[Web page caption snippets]
*** Block opens ***

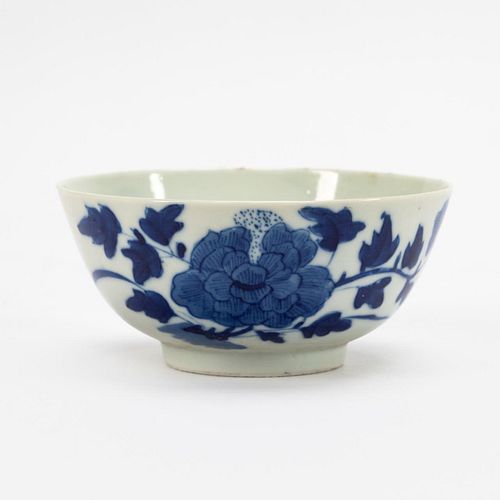 SMALL CHINESE PORCELAIN BUTTERFLY MOTIF RICE BOWL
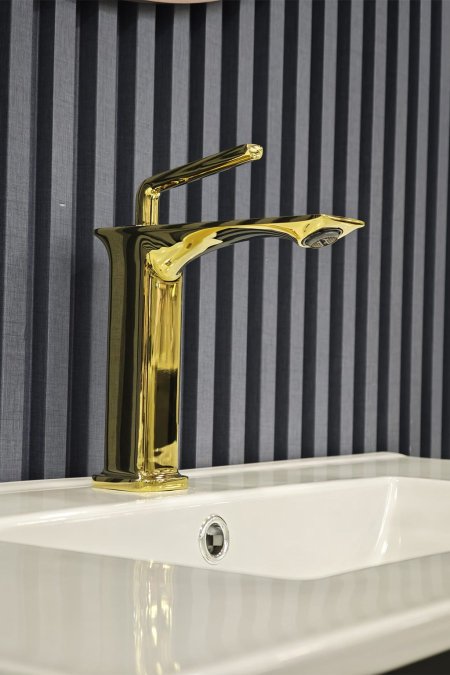 حنفية مغسلة ذهبية بتصميم هندسي فاخر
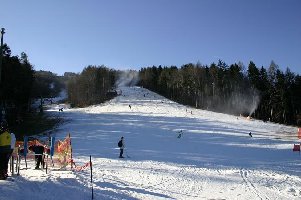 Dito. Nach 1 Nacht Beschneiung noch weit von perfekt, aber schon wesentlich besser. Und bei uns soll es mindestens bis Di noch kalt bleiben!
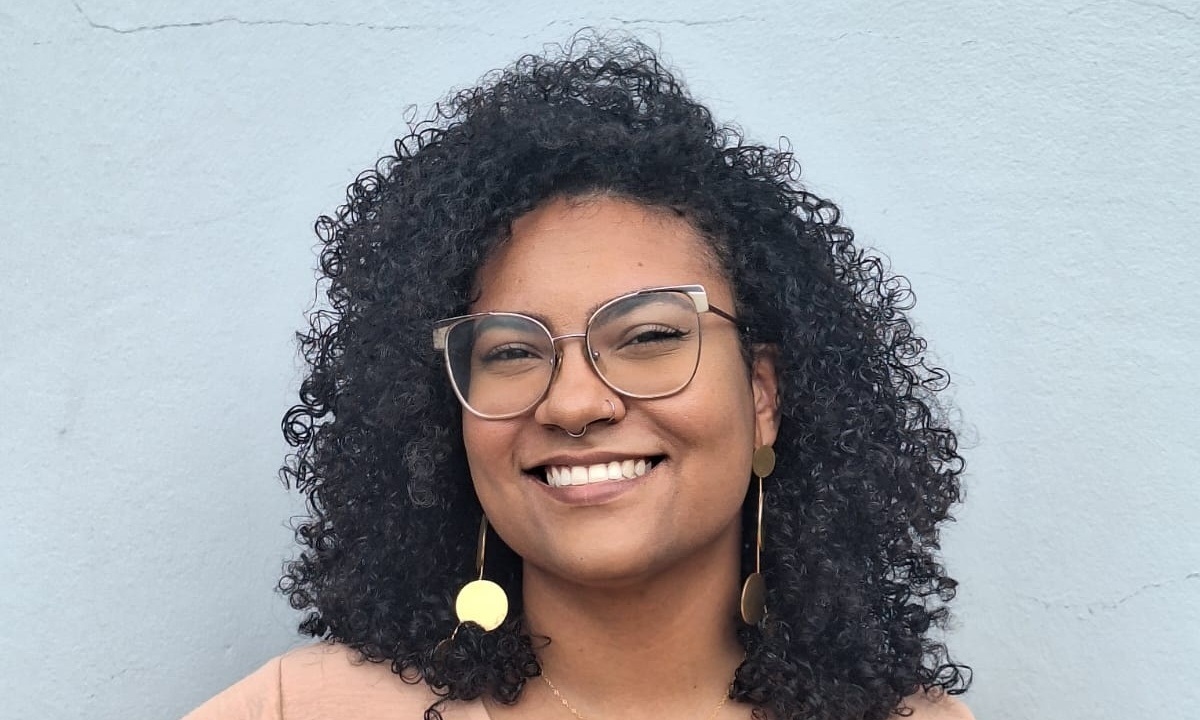 Letícia Pinho assina contrato com a Globo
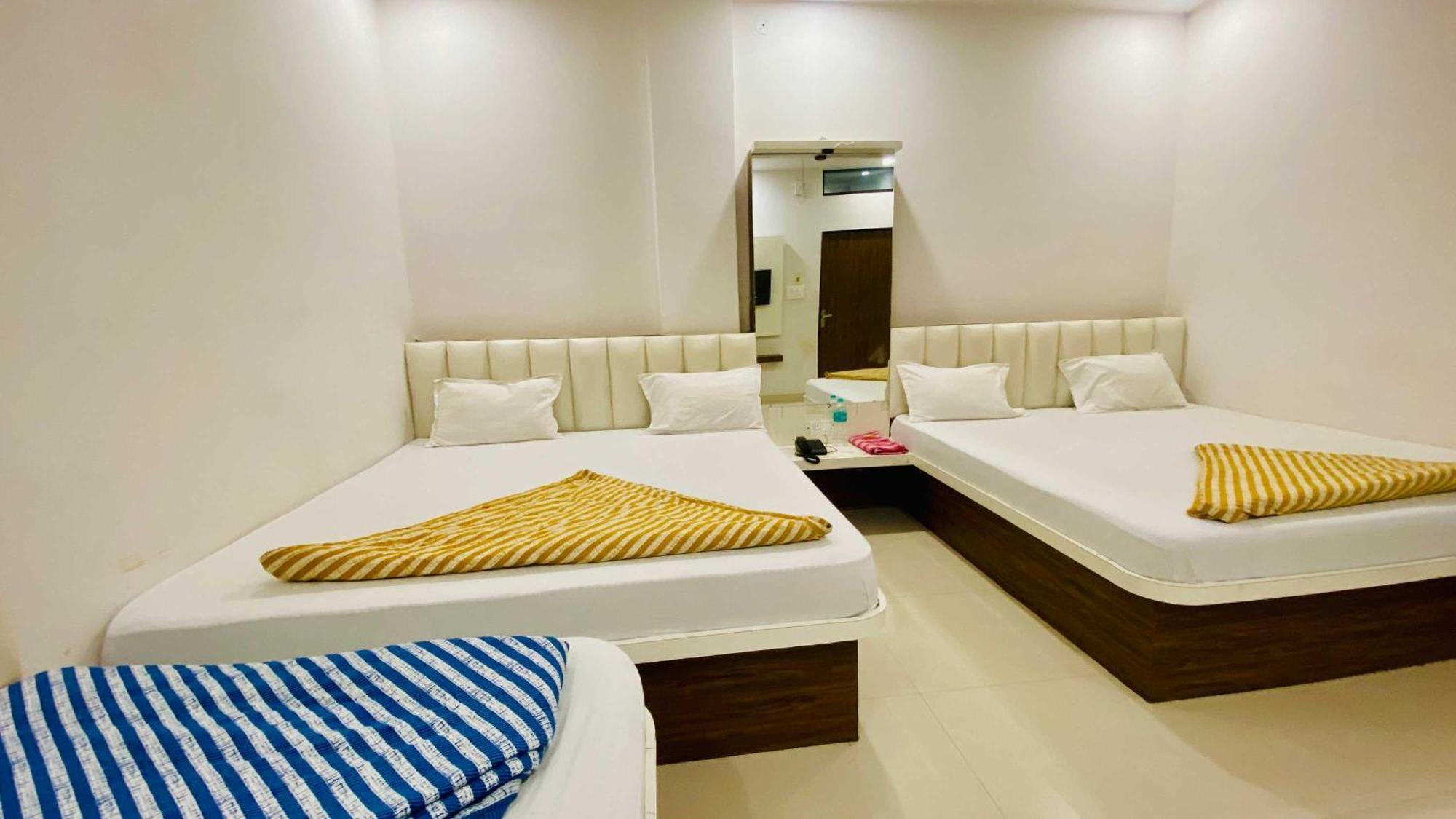Hotel Gayatri Palace Godarpura Eksteriør bilde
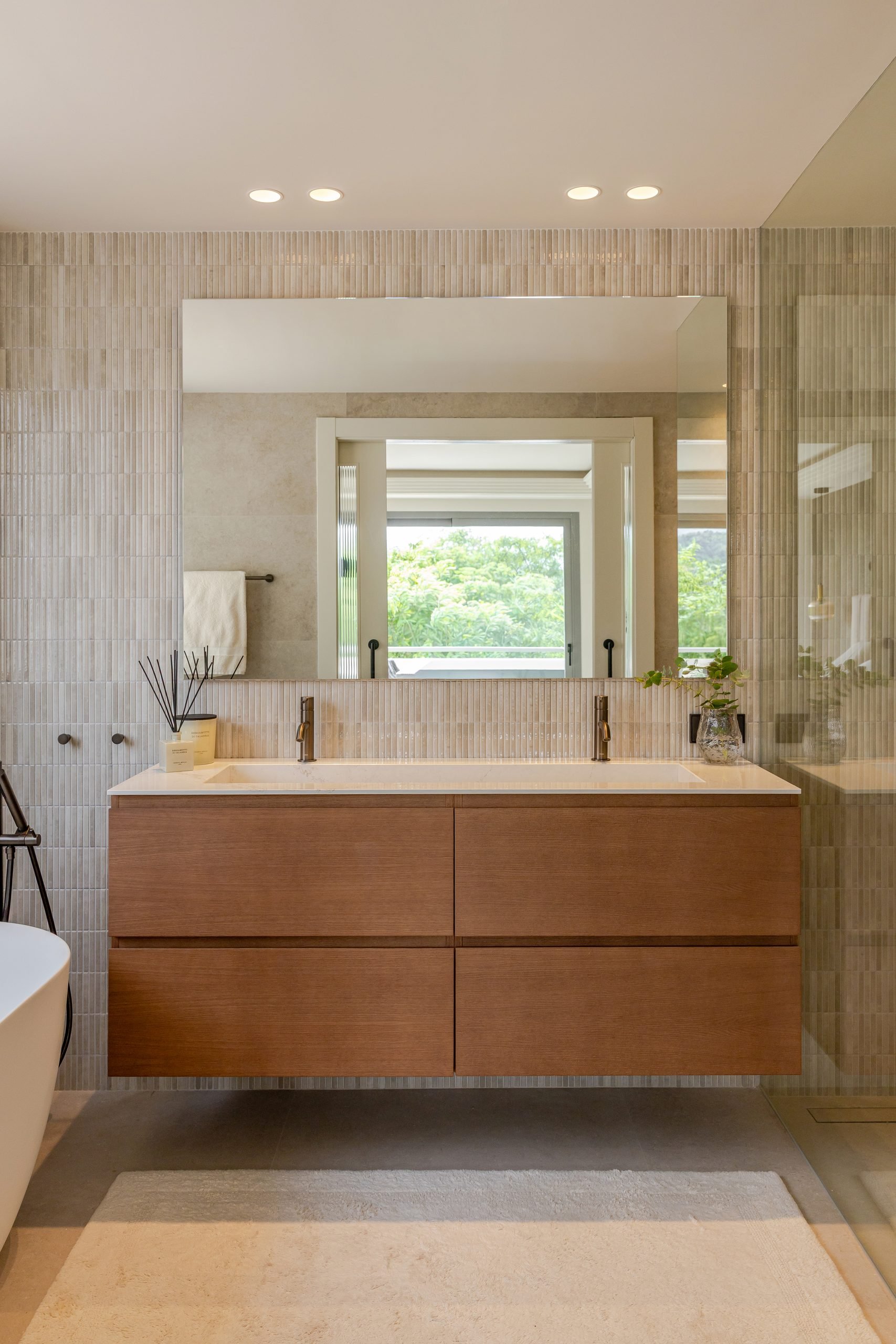 Baño con mueble de madera y espejo — Concept Living Caroline, Costa del Sol. Fotografía de Pedro Jaén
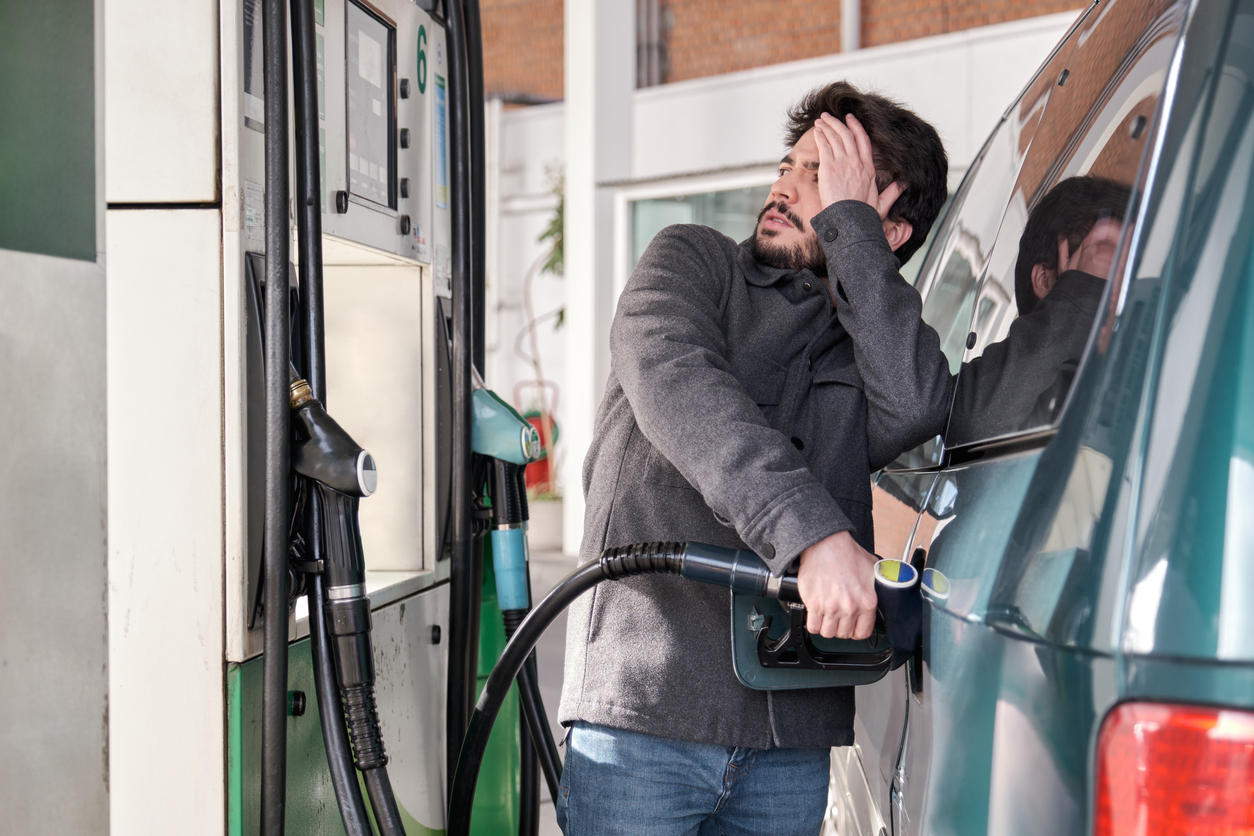 Que représente le coût du carburant chaque mois ?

*** Block closes ***

What the task requires -
Copy out the records exactly. Do not include the pictures.

Solution for this problem -
 SMALL CHINESE PORCELAIN BUTTERFLY MOTIF RICE BOWL
 حنفية مغسلة ذهبية بتصميم هندسي فاخر
 Dito. Nach 1 Nacht Beschneiung noch weit von perfekt, aber schon wesentlich besser. Und bei uns soll es mindestens bis Di noch kalt bleiben!
 Letícia Pinho assina contrato com a Globo
Hotel Gayatri Palace Godarpura Eksteriør bilde
 Baño con mueble de madera y espejo — Concept Living Caroline, Costa del Sol. Fotografía de Pedro Jaén
 Que représente le coût du carburant chaque mois ?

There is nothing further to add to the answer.